Solved: Re: Possible IFX bug: automatic allocation of polymorphic allocatables

Stijn_Schildermans · ‎10-18-2024

It seems that IFX does not properly handle automatic allocation for polymorphic allocatables. See the following code sample:

program test
    implicit none
           
    type, abstract:: a
        integer:: a_data
    end type
    type, extends(a):: t
        integer, dimension(10000):: t_data
    end type

    class(a), dimension(:), allocatable:: t_inst
    t_inst = init()
contains
    function init() result(l)
        class(a), dimension(:), allocatable:: l
        integer:: i

        allocate(t:: l(1000))
    end function
end program

On my system (IFX 2024.2.1.), executing this code results in a segmentation fault.
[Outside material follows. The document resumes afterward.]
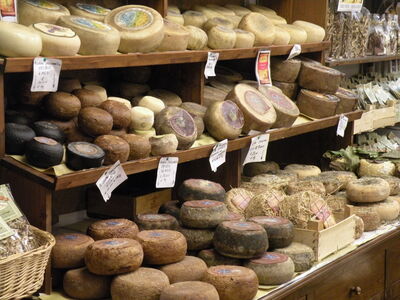 Selection of pecorino varieties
Even changing the declared type of l in the init procedure from class(a) to type(t) does not help.

It seems the space allocated for the variable is based on the declared type of the variable instead of the dynamic type of the expression. To my knowledge the standard instead requires the dynamic type of the variable (and therefore the amount of memory allocated to it) to match the dynamic type of the expression to which it is assigned.
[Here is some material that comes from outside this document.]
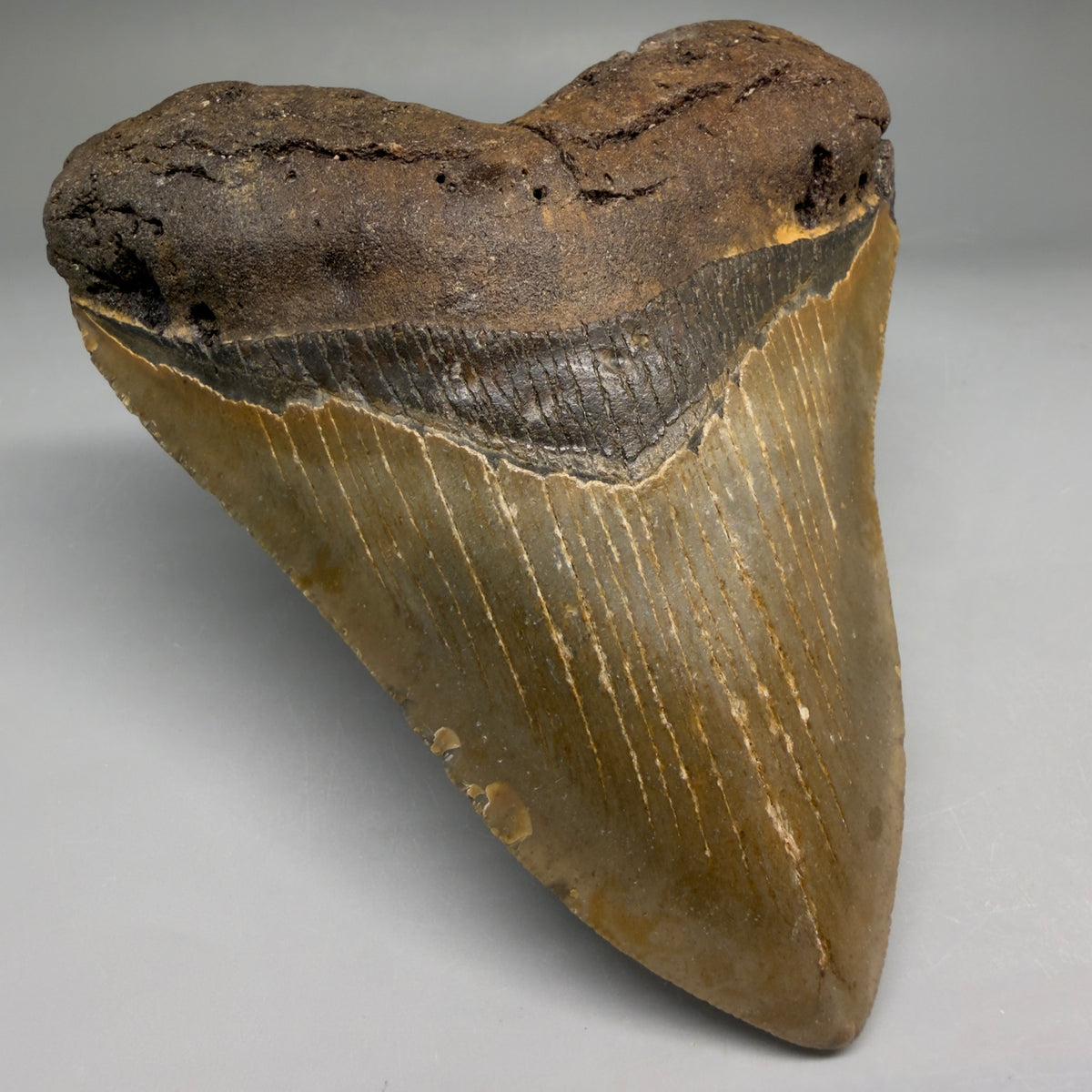 Front Left View Heart-shaped 4.63" Authentic Megalodon Tooth – North Carolina Fossil | Carcharocles megalodon megalodonteeth.com CM6758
I would like to know if this is indeed a bug or my interpretation of the Fortran standard regarding polymorphic allocatables is wrong.

IanH · ‎10-21-2024

How good the reasons are can be debated, but in the general case the semantics of the language require:

With assignment to a polymorphic allocatable t_inst, the compiler needs to have completely evaluated the expression on the left hand of the assignment statement before it can decide whether t_inst is to be reallocated to match the dynamic type of the expression, or just copied over to an existing allocation. For your example there is no existing allocation so there's no reallocation, but that's not the general case.
After copying the value of the expression on the left hand of the assignment statement to t_inst, the compiler may need to call finalizers on the function result. If the function result is not polymorphic the compiler knows everything about the type of the result (including whether it has finalizers or not), but if the function result is polymorphic then the compiler may not know until runtime whether the result has a finalizer. For your example there are no finalizers anywhere to be seen, but that's not the general case.
The assignment statement may be a defined assignment and not just a simple "copy the bytes". Again, if there are polymorphic variables involved then the compiler may not know whether defined assignment is involved until runtime. For your example there is no defined assignment, but that's not the general case.
The expression on the right hand side of the assignment may involve more than just a simple single function evaluation - e.g. there might be defined operations on the function result prior to the assignment, that perhaps require temporaries in the general case. For your example the compiler could determine the absence of defined operations by simple inspection of the expression, but maybe the compiler was scared by relatively (for Fortran) new language features such as polymorphic allocatable function results and had its eyes closed.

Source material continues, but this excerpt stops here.